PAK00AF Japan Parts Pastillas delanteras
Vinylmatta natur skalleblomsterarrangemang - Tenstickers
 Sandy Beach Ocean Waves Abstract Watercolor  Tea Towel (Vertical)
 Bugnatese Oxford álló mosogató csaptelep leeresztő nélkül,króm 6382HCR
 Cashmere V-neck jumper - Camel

--

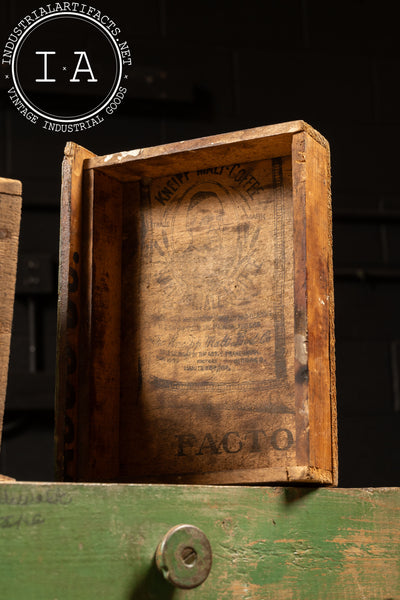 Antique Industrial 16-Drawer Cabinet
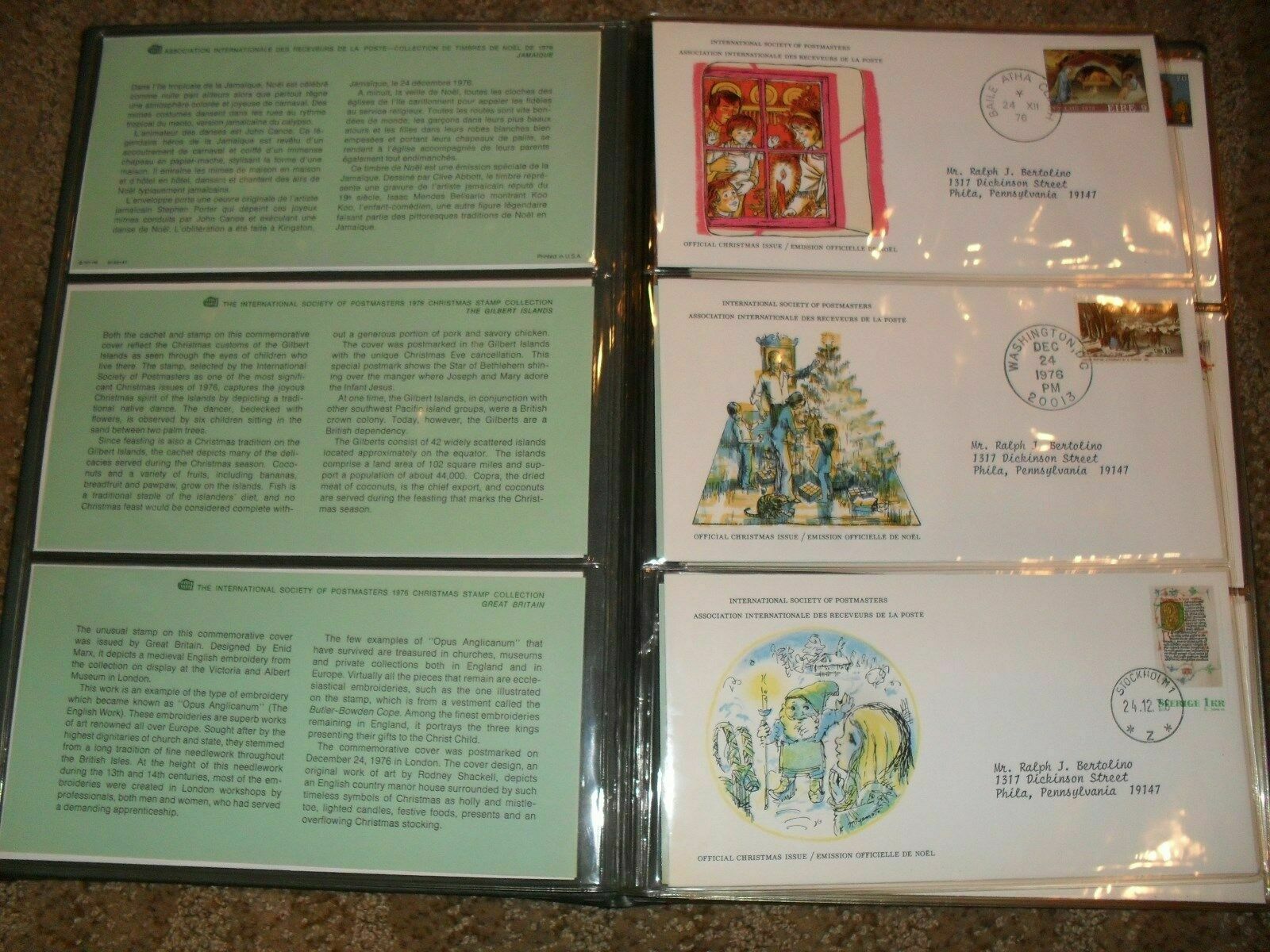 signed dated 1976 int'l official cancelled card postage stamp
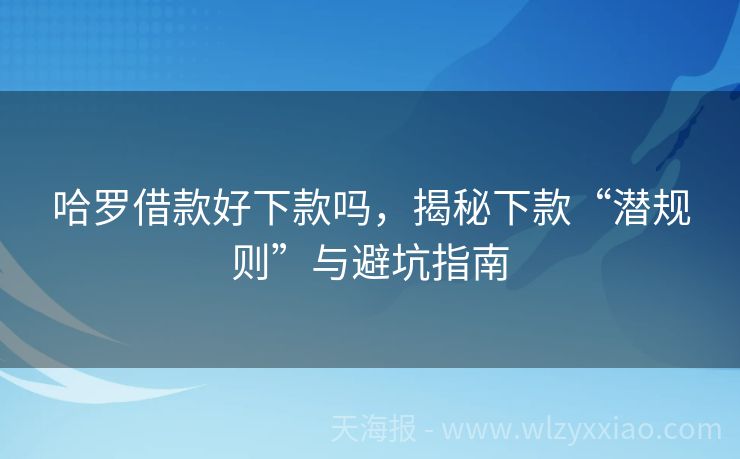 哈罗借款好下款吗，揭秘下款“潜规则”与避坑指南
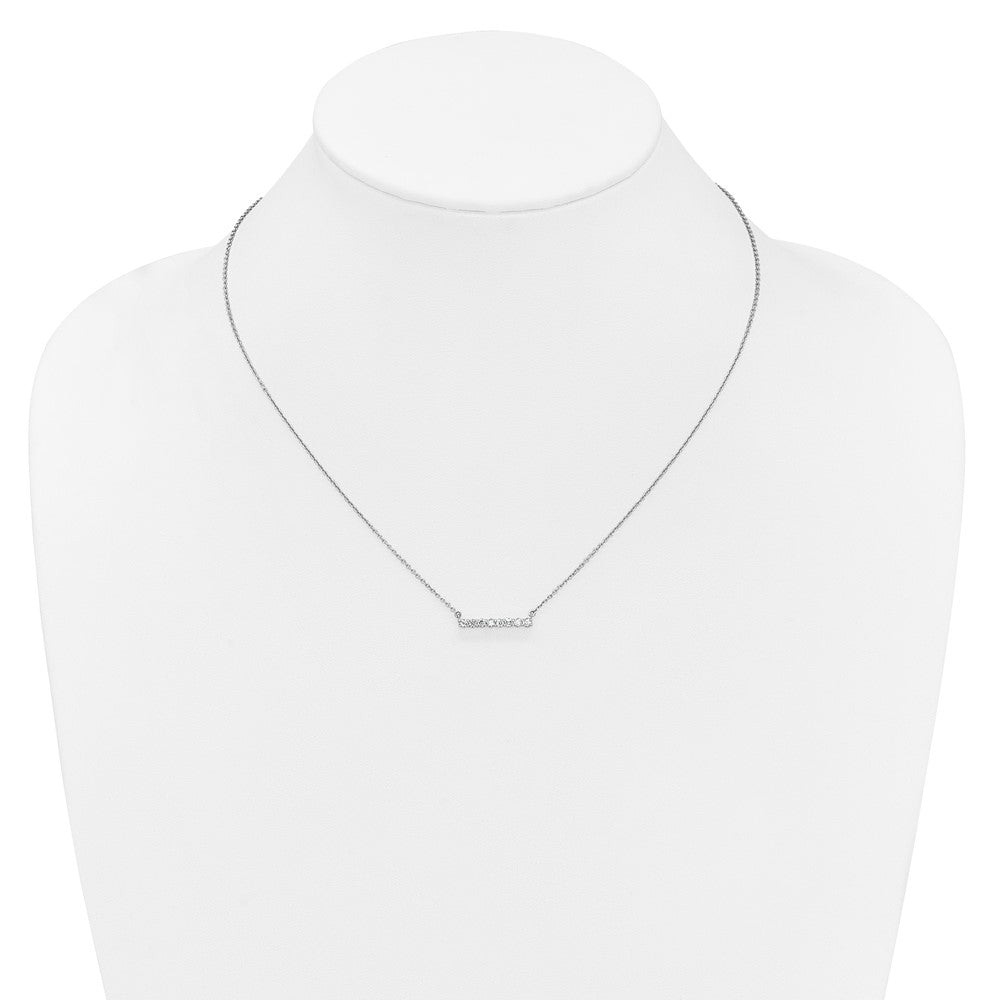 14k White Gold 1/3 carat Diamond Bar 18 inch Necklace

--

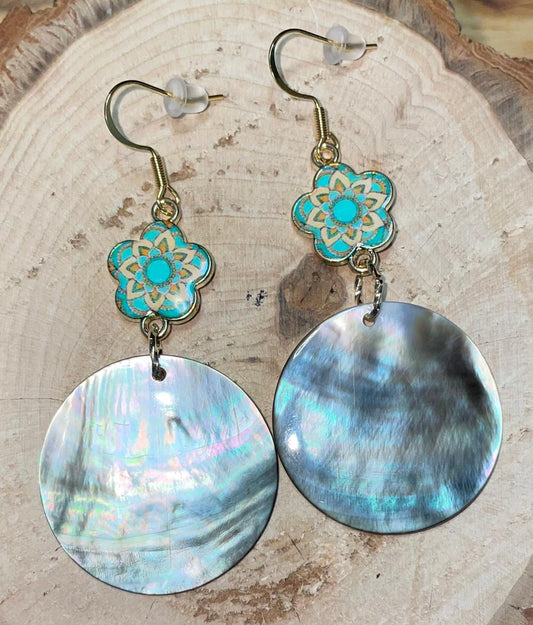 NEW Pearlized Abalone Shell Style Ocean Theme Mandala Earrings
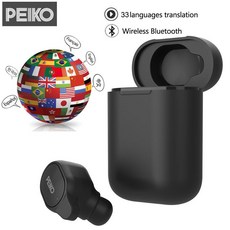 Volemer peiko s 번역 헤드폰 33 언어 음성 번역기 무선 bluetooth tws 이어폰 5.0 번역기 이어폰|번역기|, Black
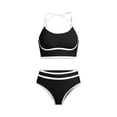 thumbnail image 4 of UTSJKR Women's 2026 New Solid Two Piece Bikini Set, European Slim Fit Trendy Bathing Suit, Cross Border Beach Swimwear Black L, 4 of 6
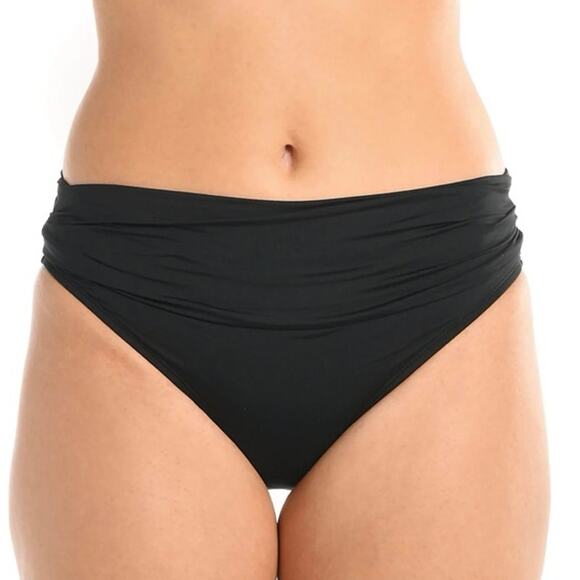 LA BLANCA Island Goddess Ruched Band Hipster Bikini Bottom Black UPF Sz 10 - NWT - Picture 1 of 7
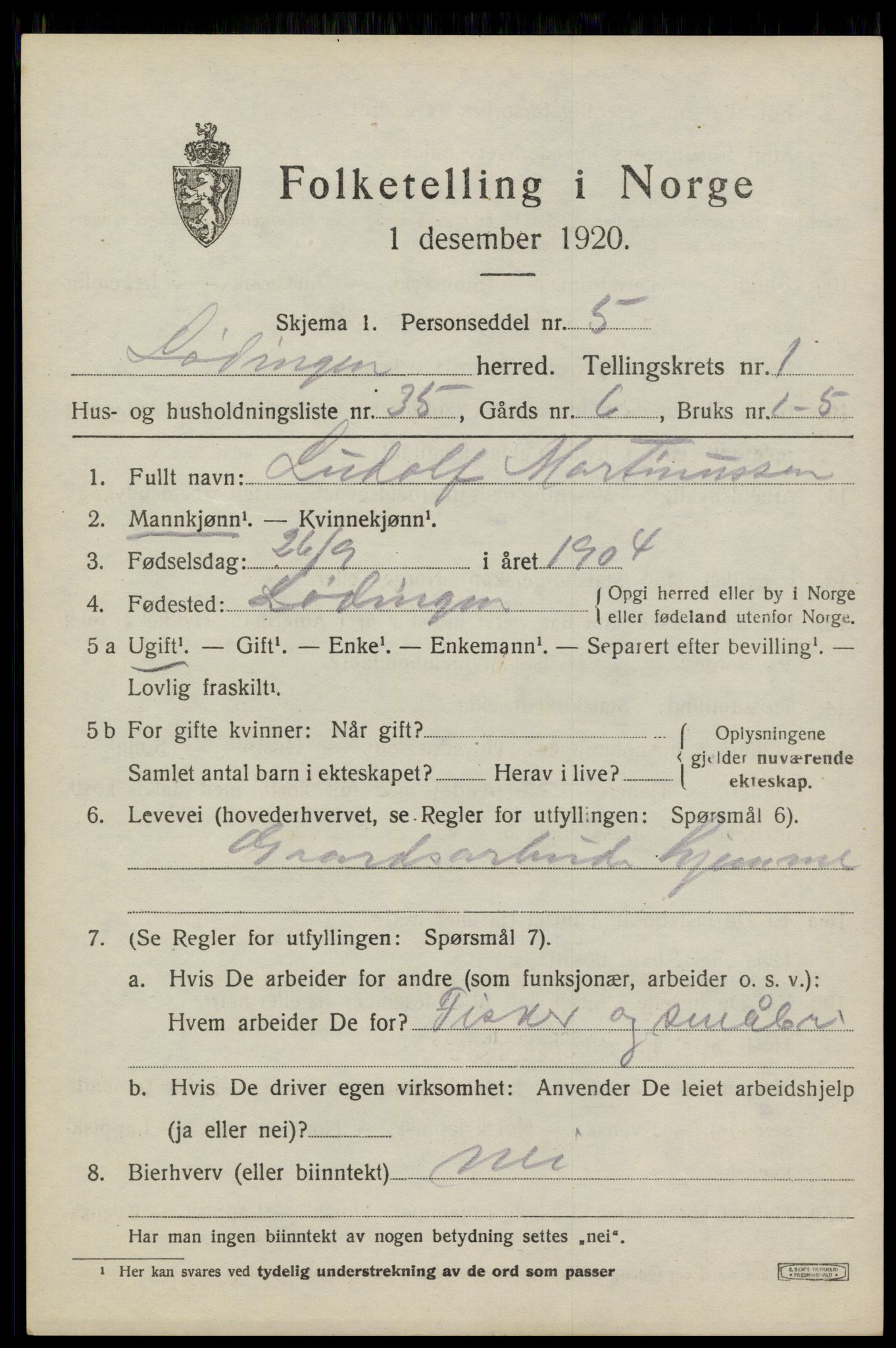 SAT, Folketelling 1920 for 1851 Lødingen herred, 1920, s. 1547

* [Action item]
Your answer should consist only of the lines above between the line holding "Sandy Beach Ocean" and the line holding "Cashmere V-neck jumper - Camel", inclusive, each transcribed exactly.

* [Answer to this problem]
 Sandy Beach Ocean Waves Abstract Watercolor  Tea Towel (Vertical)
 Bugnatese Oxford álló mosogató csaptelep leeresztő nélkül,króm 6382HCR
 Cashmere V-neck jumper - Camel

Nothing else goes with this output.